Experimental performance investigation on a desiccant-assisted two-stage evaporative cooling system in hot and humid areas

The escalating demand for energy-efficient and eco-friendly air conditioning systems in buildings has spurred the development of comfortable, efficient, and cost-effective air handling system configurations. Desiccant cooling has shown a higher coefficient of performance (COP) compared to traditional vapor compression refrigeration (MVCR) systems. However, current desiccant cooling facilities struggle to decouple and efficiently handle indoor heat and moisture loads. The complexity of these facilities has kept intricate cooling systems remaining theoretical, requiring simplification and experimental investigation. This paper presents an experimental study on a compact, two-stage evaporative cooling system assisted by a liquid desiccant. A key innovation of this system is the inclusion of a two-stage heat exchanger that adeptly manages the decoupling of indoor heat and moisture loads under challenging high-temperature and high-humidity conditions. Performance analysis was conducted experimentally under three hot and humid climatic conditions using an optimized operating parameter scheme.

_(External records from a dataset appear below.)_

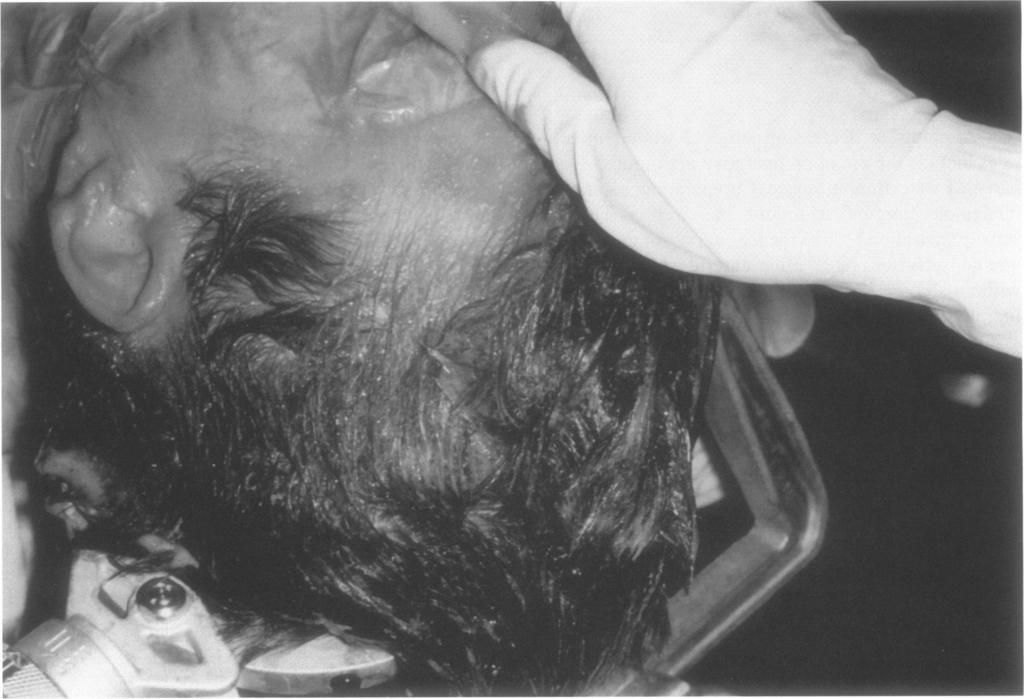 SKULL BASE SURGERY/VOLUME 9, NUMBER 4 1999 METHODS In January of 1997, the senior authors ceased shaving the scalp for most intracranial procedures.
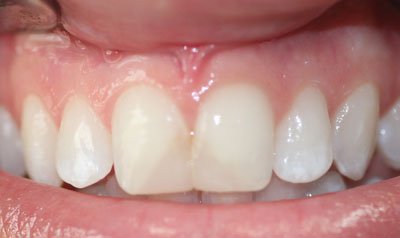 Porcelain Crown Cases case 55 — before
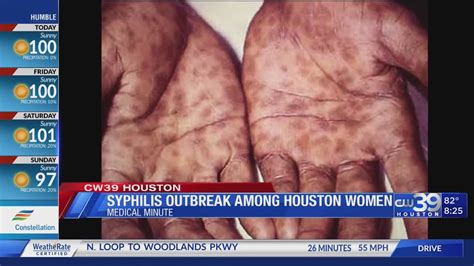 syphilis outbreak atlanta|Syphilis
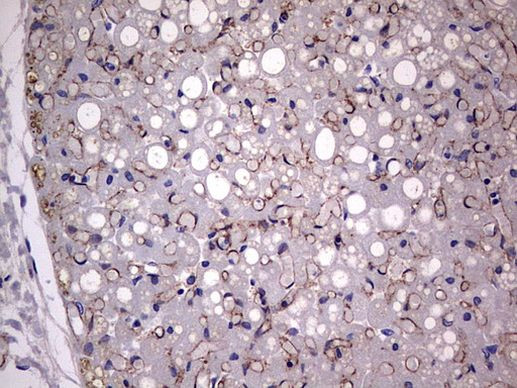 Adiponectin Antibody in Immunohistochemistry (Paraffin) (IHC (P))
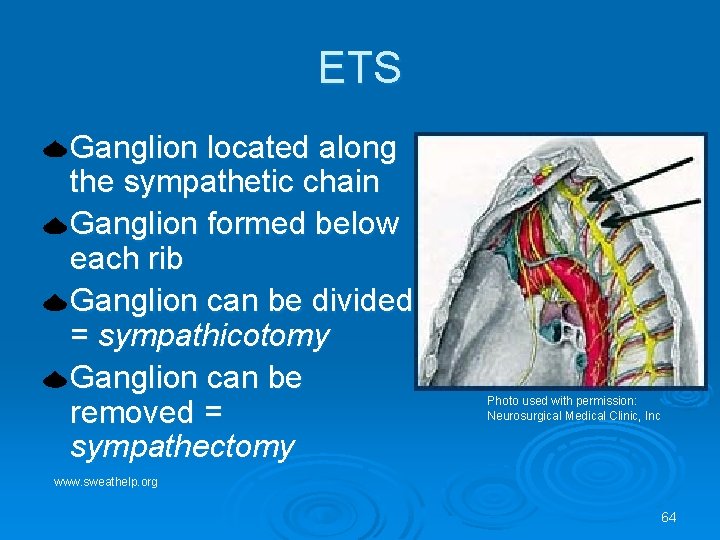 ETS Ganglion located along the sympathetic chain Ganglion formed below each rib Ganglion can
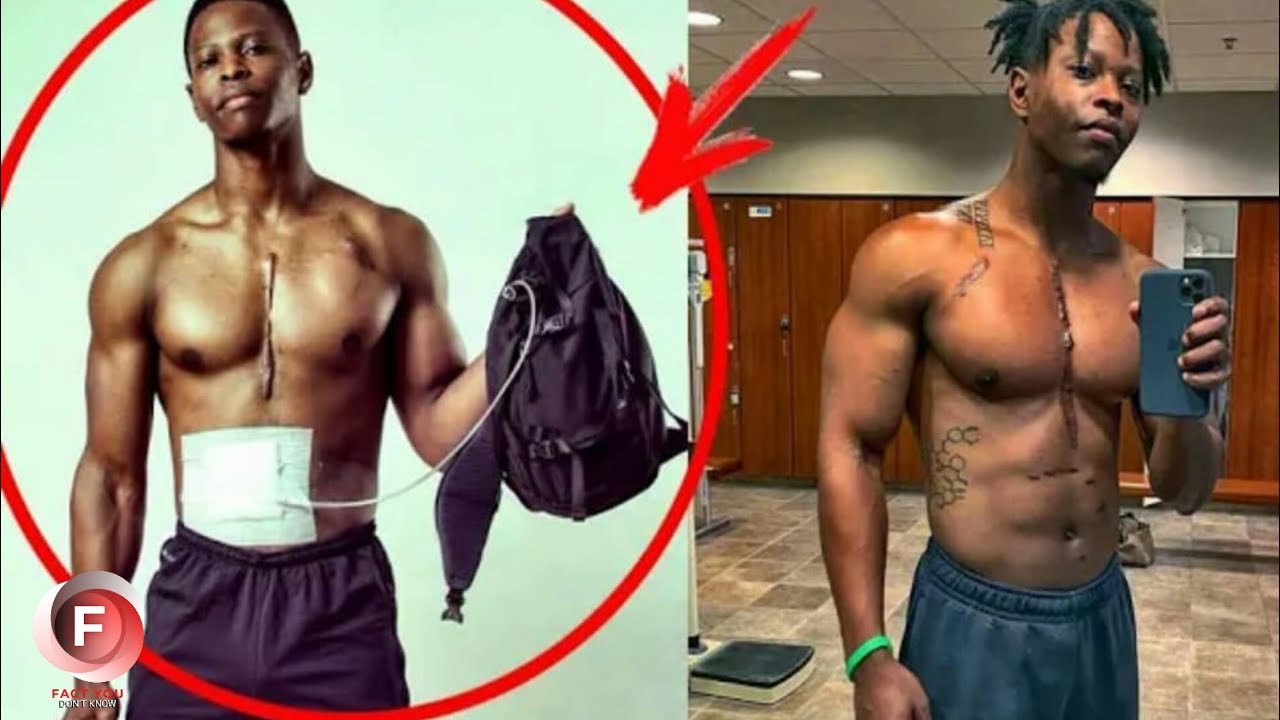 The guy lived with his heart in a BACKPACK for 4 years An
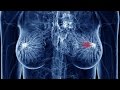 【衝撃】ガン細胞を短時間に98%死滅する驚異の食べ物に世界が震えた!【健康雑学】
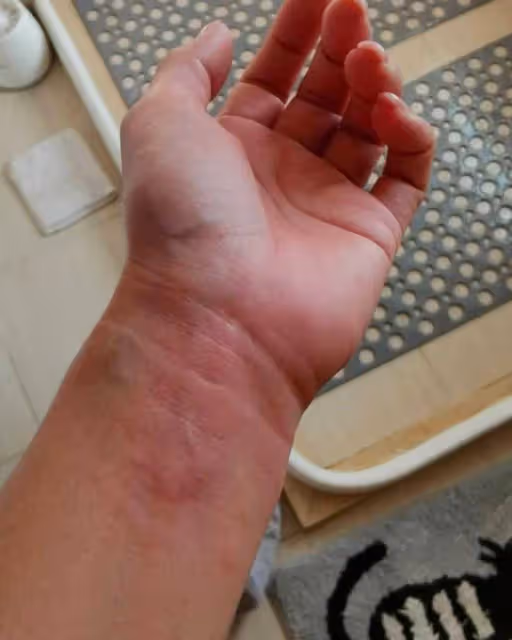 52歲港星定居東莞緊急入院!抑鬱症感冒藥混吃,藥物敏感渾身瘙癢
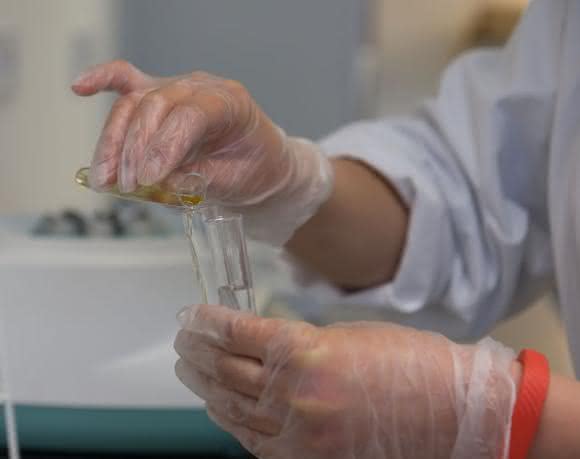 Lichtmikroskopische Urinanalyse: Screening auf Stoffwechselstörung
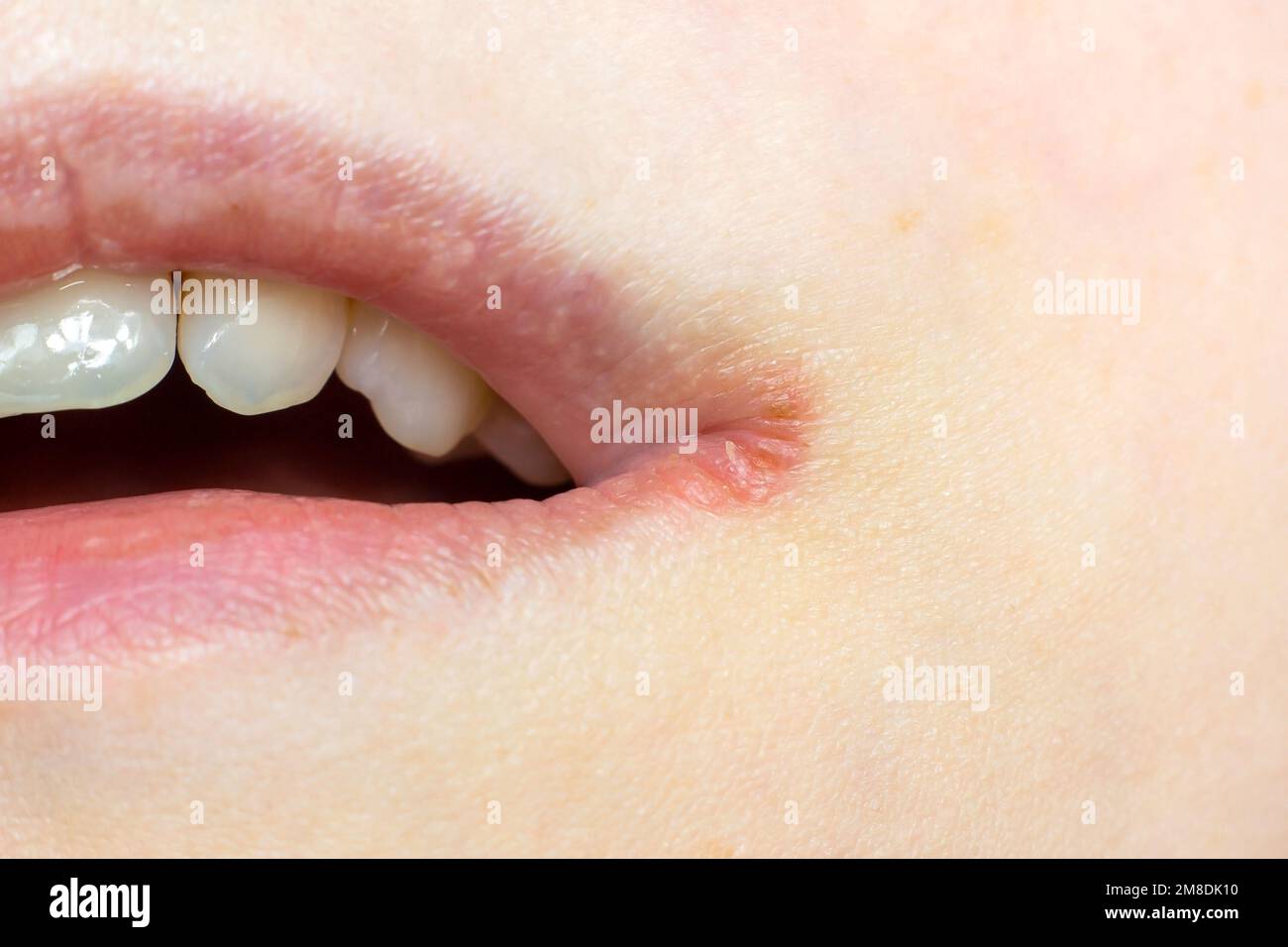Femme lèvres peau avec Herpes labialis virus gros plan. Banque D'Images Femme lèvres peau avec Herpes labialis virus gros plan. Banque D'Images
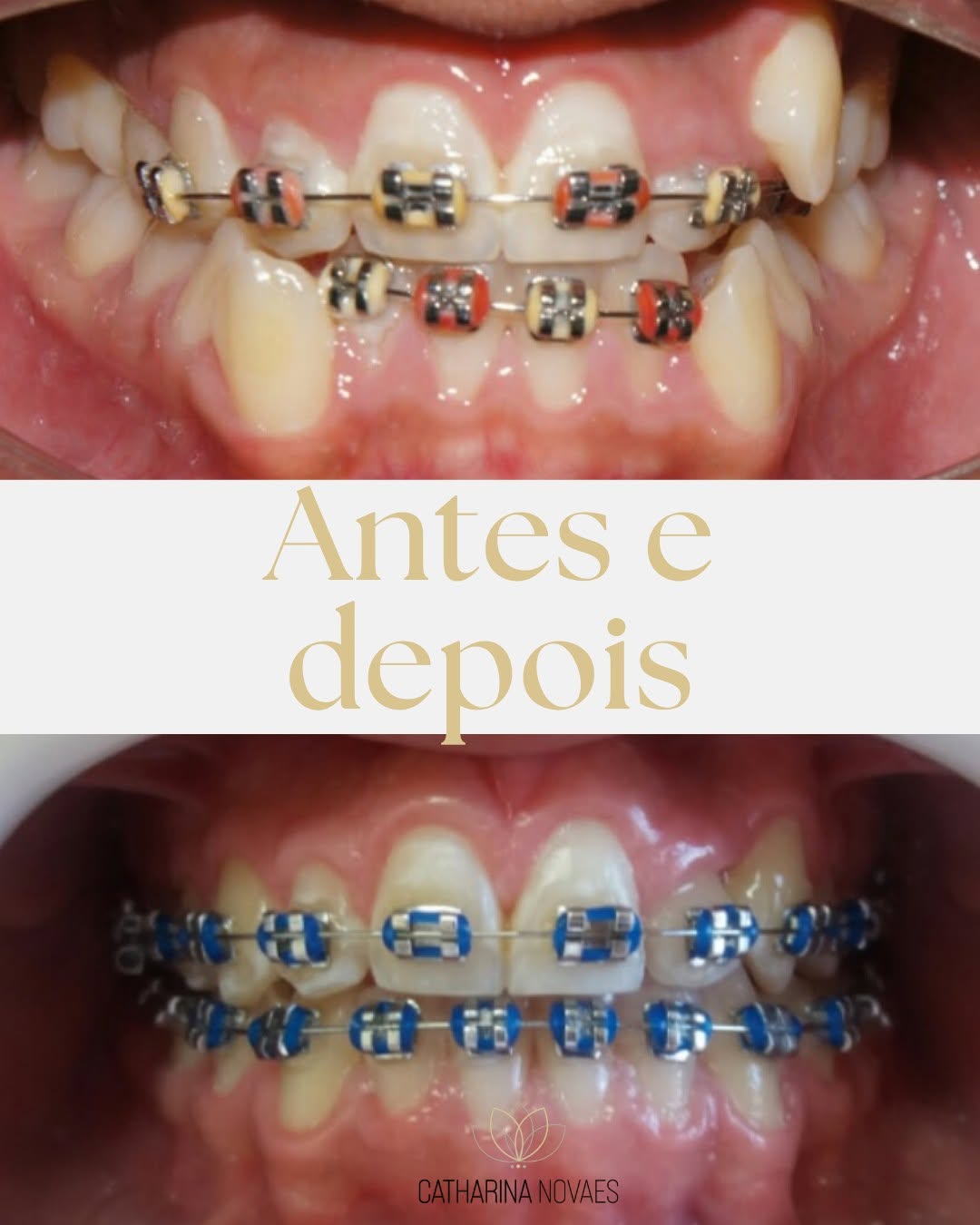 Orthodontic Treatment Transfer: How to Restart Safely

Starting from an initial condition of 36.22 degrees C and a humidity ratio of 0.028 kg/kg, the proposed system achieves COP values ranging from 11.3 to 18.4 without compromising indoor comfort or facility compactness. Under high heat and high humidity conditions, the optimized system extracts 20 % of the product air as the secondary air source. It can reach a minimum supply air temperature of 18.44 degrees C, achieved under optimized conditions of low wind speed (1.0 m/s), high desiccant concentration (35 %), and substantial desiccant flow (0.09 kg/s). Experimental studies of this new system provide the possibility of achieving high efficiency in air handling over a wide range of temperatures and humidity.